» TASK TO COMPLETE
Write down exactly the lines of the records below, beginning with the first and ending with the line that includes "Lesbian couple sitting".

» RECORDS SUPPLIED
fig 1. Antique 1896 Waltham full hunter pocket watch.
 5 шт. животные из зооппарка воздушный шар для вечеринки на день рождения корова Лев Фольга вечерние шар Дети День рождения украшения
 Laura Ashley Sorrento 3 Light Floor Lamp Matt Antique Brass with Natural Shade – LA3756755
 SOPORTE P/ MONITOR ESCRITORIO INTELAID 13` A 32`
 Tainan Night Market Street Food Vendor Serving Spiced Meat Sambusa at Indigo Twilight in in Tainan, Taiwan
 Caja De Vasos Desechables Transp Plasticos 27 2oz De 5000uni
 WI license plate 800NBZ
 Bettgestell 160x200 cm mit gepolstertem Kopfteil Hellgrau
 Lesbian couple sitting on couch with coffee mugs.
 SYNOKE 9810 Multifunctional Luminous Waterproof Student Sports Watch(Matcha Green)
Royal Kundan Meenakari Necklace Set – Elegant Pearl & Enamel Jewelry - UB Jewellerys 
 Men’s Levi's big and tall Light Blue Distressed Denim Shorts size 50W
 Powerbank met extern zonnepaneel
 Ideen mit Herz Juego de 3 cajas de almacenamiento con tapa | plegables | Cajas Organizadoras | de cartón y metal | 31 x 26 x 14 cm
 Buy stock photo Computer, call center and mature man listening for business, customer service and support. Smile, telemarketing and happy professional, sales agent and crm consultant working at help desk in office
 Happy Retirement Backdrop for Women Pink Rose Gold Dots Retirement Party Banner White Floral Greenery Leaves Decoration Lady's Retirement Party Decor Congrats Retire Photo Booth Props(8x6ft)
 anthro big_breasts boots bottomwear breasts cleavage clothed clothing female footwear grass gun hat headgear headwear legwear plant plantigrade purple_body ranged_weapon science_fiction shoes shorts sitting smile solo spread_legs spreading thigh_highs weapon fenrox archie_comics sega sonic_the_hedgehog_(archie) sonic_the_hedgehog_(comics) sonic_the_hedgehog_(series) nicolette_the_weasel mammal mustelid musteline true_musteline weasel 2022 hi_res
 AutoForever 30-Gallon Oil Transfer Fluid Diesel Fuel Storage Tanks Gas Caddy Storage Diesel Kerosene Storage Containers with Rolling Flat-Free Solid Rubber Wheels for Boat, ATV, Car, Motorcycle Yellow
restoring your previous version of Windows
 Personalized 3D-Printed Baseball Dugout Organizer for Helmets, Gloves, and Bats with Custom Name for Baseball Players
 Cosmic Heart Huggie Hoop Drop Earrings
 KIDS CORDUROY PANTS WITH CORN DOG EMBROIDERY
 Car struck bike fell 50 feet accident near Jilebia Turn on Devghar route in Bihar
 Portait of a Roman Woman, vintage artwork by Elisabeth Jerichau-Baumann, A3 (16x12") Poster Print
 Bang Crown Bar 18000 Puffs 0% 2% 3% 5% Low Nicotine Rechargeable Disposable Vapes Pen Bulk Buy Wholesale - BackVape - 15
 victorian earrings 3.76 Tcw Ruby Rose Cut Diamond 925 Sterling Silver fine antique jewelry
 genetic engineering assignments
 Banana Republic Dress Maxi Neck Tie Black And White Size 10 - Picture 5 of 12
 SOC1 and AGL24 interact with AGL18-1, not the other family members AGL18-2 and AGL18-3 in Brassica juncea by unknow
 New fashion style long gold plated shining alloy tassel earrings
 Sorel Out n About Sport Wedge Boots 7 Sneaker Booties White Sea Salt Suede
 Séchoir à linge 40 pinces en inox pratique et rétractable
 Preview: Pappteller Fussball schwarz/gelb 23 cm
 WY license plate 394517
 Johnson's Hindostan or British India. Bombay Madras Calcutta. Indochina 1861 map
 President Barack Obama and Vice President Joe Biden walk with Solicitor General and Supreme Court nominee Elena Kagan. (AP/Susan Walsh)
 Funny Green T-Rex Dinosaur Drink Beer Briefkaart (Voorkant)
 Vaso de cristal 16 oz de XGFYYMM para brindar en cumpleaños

» SOLUTION TO THE EXERCISE
fig 1. Antique 1896 Waltham full hunter pocket watch.
 5 шт. животные из зооппарка воздушный шар для вечеринки на день рождения корова Лев Фольга вечерние шар Дети День рождения украшения
 Laura Ashley Sorrento 3 Light Floor Lamp Matt Antique Brass with Natural Shade – LA3756755
 SOPORTE P/ MONITOR ESCRITORIO INTELAID 13` A 32`
 Tainan Night Market Street Food Vendor Serving Spiced Meat Sambusa at Indigo Twilight in in Tainan, Taiwan
 Caja De Vasos Desechables Transp Plasticos 27 2oz De 5000uni
 WI license plate 800NBZ
 Bettgestell 160x200 cm mit gepolstertem Kopfteil Hellgrau
 Lesbian couple sitting on couch with coffee mugs.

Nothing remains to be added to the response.